Eine Glosse von Daniela Pemöller

Noch sind sie in der Minderzahl. Die Individuen, die versuchen unser Stadtbild zu verschönern. Nach dem Motto: Frage nicht, was deine Stadt für dich tun kann, sondern was du für deine Stadt tun kannst. Ein Denken, ganz im Sinne des Zeitgeists. Wer schon nicht wählen geht, sollte wenigstens anderweitig Eigeninitiative entwickeln. Die Garten-Guerilla hat es vorgemacht. Klammheimlich und im Nebel der Illegalität bepflanzen sie eigenständig öffentliche Grünflächen. Rund um so manchen Straßenbaum oder in den kleinen Spalt zwischen zwei Gehwegplatten streuen sie Blumensamen und entfalten zur Freude von Anwohnern und Passanten so eine wahre Blütenpracht zwischen all der Tristesse.

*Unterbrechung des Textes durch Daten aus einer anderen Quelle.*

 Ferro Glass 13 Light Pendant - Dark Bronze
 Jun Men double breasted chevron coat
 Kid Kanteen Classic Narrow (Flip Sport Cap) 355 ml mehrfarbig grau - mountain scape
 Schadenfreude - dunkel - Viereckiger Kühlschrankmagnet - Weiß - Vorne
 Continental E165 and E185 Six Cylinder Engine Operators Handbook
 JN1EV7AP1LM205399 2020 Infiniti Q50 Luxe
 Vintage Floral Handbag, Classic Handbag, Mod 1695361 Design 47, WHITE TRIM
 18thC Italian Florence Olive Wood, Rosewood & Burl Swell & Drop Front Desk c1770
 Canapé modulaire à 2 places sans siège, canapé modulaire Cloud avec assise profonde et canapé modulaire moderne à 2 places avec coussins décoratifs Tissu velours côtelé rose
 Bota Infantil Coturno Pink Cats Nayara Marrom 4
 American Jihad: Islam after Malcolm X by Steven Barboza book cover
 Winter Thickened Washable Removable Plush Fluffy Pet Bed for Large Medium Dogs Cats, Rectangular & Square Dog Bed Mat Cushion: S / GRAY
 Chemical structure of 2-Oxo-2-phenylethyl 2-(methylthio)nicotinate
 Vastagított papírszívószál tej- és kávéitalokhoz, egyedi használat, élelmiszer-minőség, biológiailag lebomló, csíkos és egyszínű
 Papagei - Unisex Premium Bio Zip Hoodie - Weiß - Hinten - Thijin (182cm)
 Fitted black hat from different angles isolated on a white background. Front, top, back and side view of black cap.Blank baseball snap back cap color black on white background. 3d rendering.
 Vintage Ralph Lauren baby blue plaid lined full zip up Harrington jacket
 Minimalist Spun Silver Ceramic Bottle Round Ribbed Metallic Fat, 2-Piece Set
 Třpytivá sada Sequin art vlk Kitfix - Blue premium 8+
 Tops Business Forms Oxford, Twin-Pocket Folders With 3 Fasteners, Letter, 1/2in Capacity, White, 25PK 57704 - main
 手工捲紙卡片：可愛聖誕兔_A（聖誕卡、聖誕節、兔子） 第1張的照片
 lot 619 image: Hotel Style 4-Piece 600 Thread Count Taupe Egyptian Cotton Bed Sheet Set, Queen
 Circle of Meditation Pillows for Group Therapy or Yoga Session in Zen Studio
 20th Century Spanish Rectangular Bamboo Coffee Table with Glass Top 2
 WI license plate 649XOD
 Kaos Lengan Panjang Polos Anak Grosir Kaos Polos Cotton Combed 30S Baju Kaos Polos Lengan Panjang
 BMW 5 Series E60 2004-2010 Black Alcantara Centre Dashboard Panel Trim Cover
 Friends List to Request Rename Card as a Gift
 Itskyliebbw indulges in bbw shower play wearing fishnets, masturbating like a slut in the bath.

Nun gibt es eine ganz neue Masche, Farbe in das fade Großstadt-Grau zu bringen. "Urbanes Stricken" heißt die angesagte Straßenkunst, die Europas Szenemetropolen zurzeit erobert wie die Nerdbrillen der 50er- Jahre. Der Trend kommt, wie könnte es anders sein, aus den USA. Erfunden hat ihn die Texanerin Magda Sayeg. Und ich würde mir wünschen, er schafft es hier zum Durchbruch. Zwar zählt unsere Stadt schon zur grünsten Europas. Doch wir brauchen dringend etwas, das von all den Schlaglöchern und Bröckelpisten ablenkt. Da die Elbphilharmonie wohl noch etwas dauert, halte ich gehäkelte Tulpen und Narzissen auf dem Grünstreifen vom Ring 2 für eine passable Alternative. Besonders, da Hamburg dieses Jahr ja den Titel Umwelthauptstadt Europas trägt. Und was bitte ist denn mehr Öko als Stricken?

Schon sehe ich es vor mir. Laternenpfähle bekommen von den Strick-Guerillakämpfern, wie in Berlin ( www.c-f-t.net ), gepiercte Brüste verpasst. Bäume sogar bunte Stulpen oder Ringelschlangen umgelegt. Und Briefkästen lachende Gesichter aufgesetzt, während Risse in den Hauswänden mit einem Verstrickt-und-zugenäht-Pflaster verarztet werden. Bei all dem bleibt öffentliches Eigentum natürlich unbeschädigt.

Das Bestricken und Umhäkeln unseres ramponierten Stadtbildes erinnert mich zwar ein wenig an die Aufräumarbeiten der Trümmerfrauen nach dem Krieg. Aber irgendwie leben ja auch wir in harten Zeiten. Klamme Kassen gepaart mit Politikern, auf die kein Verlass mehr ist. Da gibt es nur eines: Ärmel hochkrempeln und selber machen. Was unsere Großmütter konnten, schaffen wir auch.